ピアノは簡単に弾ける楽器ではありません。結城美帆子

世の中では「ピアノは簡単に弾ける」といったレッスンが流行っているようですが、鍵盤を叩けば誰でも音を出すことはできますが、簡単に弾けるようになる楽器ではありません。

むしろ「ピアノは難しい楽器だ」と覚悟して、ピアノと正しく真摯に向き合ってレッスンを受けて頂きたいと思います。

ピアノは、障がいがあっても弾けるようになりますし、ピアノを弾くことを楽しむことは可能ですが、努力も必要です。

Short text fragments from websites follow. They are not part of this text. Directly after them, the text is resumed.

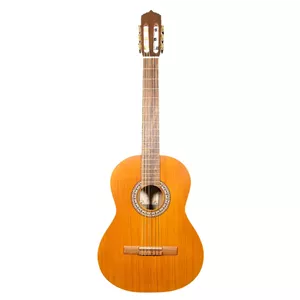 گیتار پارسی M6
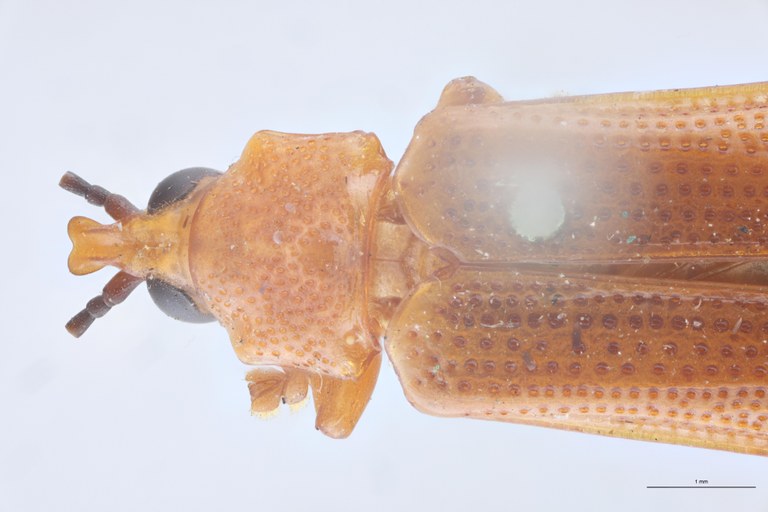 Cryptonychus feae Pt Head-Close-Up.jpg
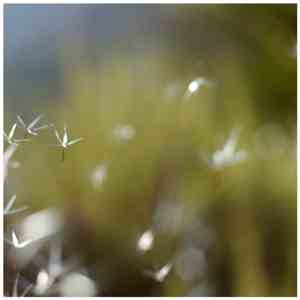 Logreybeam - Rem.Rem download free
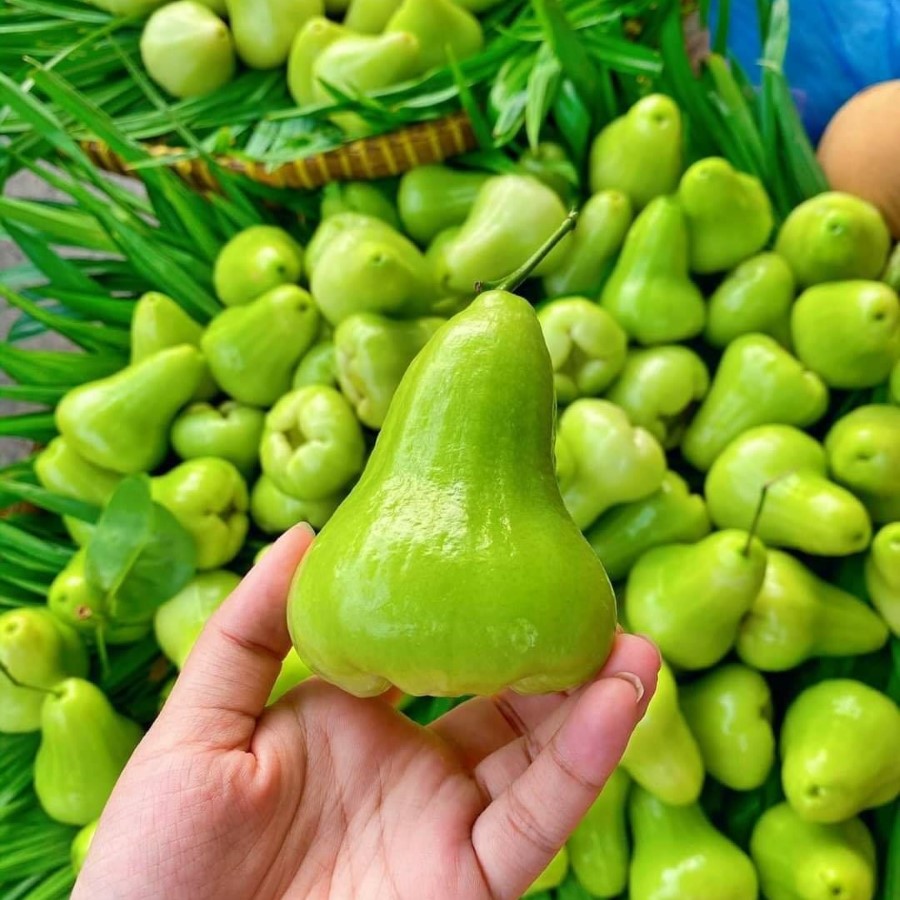 Mận Tam Hoa_thumbnail_1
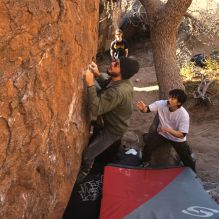 

Filename: SRM_20260117_1024430.jpg
Aperture: f/5.6
Shutter Speed: 1/320
Body: Canon EOS R6
Lens: Canon EF 16-35mm f/2.8 L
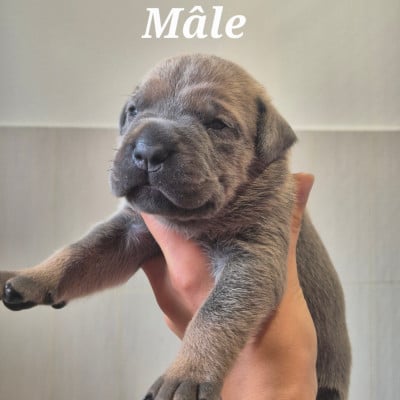 Les chiots de Cane Corso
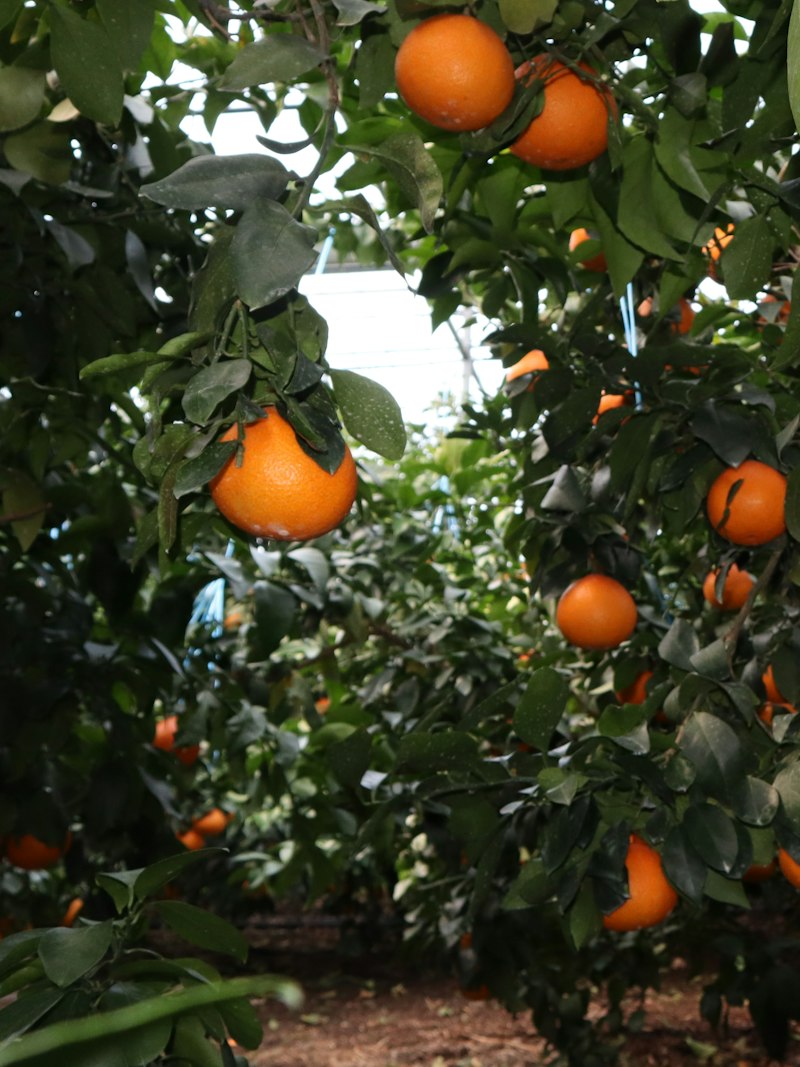 Orchard under cultivation.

健常者が10回で弾けるようになる曲だとしたら、障がいがある方は30回のレッスンが必要なくらい努力が必要です。

私の仕事は、ピアノを弾けるようにすることであって、癒しを与えることではありません。

健常者でも、障害者でも、ピアノが弾けるようにすることに何ら変わりはありません。

障がい者にピアノを教えるのってとっても大変なことなのです。

ピアノは、健常者でも簡単に弾けるようになる楽器ではないですから、障害者の場合は健常者以上に習う方も教える方も労力を必要とします。

どんなに苦労しても、できない生徒ができるようになった時の喜びはひとしおです。

苦労が大きければ大きいほど、喜びも大きいのです。

だから、どんなに苦労してもピアノを教えることをやめられないのです。

出来の悪い生徒を一生懸命に教えて、出来の悪い生徒が上手に弾けるようになった時の喜びは、私の心の栄養素なのです。

以前は、音楽療法的な指導もしておりましたが、私には向いていないと思いましたので、現在は音楽療法は行っておりません。

現在は、健常者も障がい者も子供も大人も、ピアノがうまく弾けるようになることを目的としたレッスンをしております。